PyNoon Data Lesson 4

Warm-Up Exercise

  • Pair up and brainstorm ideas for a Python data analysis project
  • What is the goal of your project - how will you know it has succeeded?
  • What parts of your project do you think will be the most difficult to implement?
  • Can you identify any skills you’ll need to learn to complete your project?
  • Is there any data you need to collect for your project?

Thanks

  • To the host for the great venue!
  • To our sponsors

Administrivia

  • Fire escapes
  • Toilets
  • Cleaning up after ourselves
  • WiFi

Lunch Talk:
DRY: Don’t Repeat Yourself

  • Foundational principle for maintainable code
  • E.g. Don’t copy-paste code around your project
  • When you need to make a change later, there should be only one place to change
  • Getting your code to work is not the finish line!
    • Refactor working code to make it more readable and maintainable

How do you DRY out code?

  • Repeating code in one place for different “things”?
    • Loop over those things
  • Repeating code in lots of different places?
    • Write a custom function
    • Great functions are re-usable in many contexts
  • We’ll look at these tools in the tutorial

Don’t over-DRY your code!

  • E.g. you produce near-identical reports for two teams
  • You DRY them so that they share all repeated code
  • Later, one team asks for a change to their report, but now it is hard to change one without changing the other
  • The two reports weren’t actually duplicating one thing, they were just two things that happened to be the same

What else should you DRY out?

  • Data
    • Each piece of data should have a single source of truth
    • Generate other representations from that source
  • Documentation
    • Comments that state exactly what code does (i.e. repeat what they code itself is saying) get out of date
    • Comments should explain what code achieves and why

Helpful Comments

price_bound = listings_df.groupby('region_name')['price_nzd'].min().max()

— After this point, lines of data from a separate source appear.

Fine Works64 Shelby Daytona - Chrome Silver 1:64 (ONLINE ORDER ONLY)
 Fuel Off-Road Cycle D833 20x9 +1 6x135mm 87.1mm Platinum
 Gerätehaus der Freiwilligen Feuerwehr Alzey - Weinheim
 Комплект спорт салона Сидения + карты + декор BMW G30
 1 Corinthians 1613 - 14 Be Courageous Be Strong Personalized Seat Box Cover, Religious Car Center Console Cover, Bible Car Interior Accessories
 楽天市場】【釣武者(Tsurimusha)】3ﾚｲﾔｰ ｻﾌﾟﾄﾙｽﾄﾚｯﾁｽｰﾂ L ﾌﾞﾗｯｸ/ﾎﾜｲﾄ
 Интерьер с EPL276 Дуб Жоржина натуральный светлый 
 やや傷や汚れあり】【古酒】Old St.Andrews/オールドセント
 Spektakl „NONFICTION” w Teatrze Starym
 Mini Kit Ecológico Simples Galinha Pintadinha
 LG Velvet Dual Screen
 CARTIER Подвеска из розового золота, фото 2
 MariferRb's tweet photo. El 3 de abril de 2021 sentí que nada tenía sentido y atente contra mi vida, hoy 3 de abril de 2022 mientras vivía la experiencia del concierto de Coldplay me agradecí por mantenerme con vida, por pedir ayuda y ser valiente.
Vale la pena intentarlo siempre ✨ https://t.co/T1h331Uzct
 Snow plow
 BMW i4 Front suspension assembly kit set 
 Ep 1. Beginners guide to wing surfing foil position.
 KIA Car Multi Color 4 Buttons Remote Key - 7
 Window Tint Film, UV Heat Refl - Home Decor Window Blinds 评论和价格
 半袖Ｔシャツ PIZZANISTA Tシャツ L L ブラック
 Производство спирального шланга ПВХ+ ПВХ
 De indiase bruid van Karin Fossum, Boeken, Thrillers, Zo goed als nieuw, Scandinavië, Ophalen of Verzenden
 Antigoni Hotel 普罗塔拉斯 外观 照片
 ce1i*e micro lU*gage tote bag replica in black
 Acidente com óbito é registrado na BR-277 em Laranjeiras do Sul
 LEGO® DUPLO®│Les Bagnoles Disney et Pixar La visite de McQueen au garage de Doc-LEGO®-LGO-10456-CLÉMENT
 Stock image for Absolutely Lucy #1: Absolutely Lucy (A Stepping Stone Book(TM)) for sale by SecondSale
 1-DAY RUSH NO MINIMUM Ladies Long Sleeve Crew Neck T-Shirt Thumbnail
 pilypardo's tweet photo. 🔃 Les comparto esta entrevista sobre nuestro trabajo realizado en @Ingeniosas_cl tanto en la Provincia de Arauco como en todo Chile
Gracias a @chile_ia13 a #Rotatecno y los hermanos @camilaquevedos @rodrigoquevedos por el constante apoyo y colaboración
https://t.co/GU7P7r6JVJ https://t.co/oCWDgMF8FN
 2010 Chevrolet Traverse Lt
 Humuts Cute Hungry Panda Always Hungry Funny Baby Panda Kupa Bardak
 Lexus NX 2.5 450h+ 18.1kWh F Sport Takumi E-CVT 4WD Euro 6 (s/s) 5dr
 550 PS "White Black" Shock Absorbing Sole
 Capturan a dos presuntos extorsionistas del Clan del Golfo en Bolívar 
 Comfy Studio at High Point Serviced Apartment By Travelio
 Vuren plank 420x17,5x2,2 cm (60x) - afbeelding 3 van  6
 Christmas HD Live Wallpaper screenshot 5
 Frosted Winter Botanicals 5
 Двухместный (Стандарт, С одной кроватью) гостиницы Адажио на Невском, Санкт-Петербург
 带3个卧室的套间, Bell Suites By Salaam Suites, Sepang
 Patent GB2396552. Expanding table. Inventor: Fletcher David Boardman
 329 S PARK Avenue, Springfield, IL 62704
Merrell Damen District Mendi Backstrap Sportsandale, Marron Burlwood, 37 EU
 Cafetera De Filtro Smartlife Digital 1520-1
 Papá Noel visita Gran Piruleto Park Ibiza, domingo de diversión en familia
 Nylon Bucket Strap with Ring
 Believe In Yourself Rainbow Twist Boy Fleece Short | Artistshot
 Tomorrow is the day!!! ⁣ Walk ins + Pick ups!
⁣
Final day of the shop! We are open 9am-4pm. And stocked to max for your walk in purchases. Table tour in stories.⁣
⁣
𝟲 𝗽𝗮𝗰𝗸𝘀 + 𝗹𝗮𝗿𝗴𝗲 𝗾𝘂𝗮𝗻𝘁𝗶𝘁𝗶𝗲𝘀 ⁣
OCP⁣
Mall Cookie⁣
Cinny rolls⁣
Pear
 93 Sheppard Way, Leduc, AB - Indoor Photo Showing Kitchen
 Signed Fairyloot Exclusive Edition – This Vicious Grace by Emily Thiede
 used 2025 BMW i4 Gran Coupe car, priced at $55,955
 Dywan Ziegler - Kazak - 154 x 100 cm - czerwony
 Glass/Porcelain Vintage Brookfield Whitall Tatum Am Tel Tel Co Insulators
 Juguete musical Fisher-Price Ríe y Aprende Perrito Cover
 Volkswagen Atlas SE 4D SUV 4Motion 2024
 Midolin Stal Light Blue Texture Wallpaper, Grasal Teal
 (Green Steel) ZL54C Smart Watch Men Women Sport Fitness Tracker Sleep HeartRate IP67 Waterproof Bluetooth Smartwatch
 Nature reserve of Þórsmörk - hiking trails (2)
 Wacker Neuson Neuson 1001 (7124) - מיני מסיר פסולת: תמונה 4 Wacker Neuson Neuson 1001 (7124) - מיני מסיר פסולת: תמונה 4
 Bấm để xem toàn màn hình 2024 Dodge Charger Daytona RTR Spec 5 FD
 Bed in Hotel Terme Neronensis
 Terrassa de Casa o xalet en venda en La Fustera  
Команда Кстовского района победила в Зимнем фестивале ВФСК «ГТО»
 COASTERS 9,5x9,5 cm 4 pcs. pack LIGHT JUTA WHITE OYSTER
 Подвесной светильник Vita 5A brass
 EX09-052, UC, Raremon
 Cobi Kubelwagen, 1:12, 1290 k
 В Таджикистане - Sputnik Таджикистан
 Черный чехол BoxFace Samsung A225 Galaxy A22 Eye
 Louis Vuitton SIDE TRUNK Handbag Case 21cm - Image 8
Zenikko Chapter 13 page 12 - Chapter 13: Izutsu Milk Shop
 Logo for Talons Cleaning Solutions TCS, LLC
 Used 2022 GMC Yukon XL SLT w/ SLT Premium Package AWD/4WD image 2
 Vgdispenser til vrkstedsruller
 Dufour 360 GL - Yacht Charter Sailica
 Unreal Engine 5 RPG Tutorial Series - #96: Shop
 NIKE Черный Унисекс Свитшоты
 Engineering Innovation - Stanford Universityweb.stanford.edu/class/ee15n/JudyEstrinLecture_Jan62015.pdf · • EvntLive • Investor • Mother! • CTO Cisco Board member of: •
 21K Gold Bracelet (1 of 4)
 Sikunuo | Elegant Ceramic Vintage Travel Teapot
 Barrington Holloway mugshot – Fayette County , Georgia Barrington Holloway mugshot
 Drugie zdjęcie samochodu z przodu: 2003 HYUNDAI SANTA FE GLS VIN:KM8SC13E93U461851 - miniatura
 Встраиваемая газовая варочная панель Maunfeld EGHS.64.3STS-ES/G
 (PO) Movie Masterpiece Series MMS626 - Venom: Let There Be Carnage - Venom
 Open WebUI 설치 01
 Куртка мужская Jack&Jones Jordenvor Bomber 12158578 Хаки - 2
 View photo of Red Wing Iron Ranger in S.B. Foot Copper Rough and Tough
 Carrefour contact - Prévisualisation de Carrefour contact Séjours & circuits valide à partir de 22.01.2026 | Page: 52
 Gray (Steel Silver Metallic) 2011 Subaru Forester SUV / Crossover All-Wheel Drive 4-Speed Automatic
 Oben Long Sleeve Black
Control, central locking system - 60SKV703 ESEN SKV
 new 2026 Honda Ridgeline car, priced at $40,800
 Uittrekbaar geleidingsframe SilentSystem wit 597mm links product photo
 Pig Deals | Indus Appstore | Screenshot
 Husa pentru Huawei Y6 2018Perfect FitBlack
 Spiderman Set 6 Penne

Which is a more helpful comment?

# Group listings by region, take the minimum price of each group,
# then take the maximum across all groups
# Get the highest listing price that is the cheapest in its region
# Get the highest listing price that is the cheapest in its region
# to find the minimum nightly cost for a round-the-country trip.

Tutorial Objectives

  • Defining and using your own functions
  • Reducing duplication in your code

Independent Work/Homework

  1. Exercise Notebook:
  2. Work through futurecoder.io sections:
    1. Dictionaries (note: this lesson is at the end of the Futurecoder course, so you will need to skip ahead using the Table of Contents)
  3. Work on your own Python project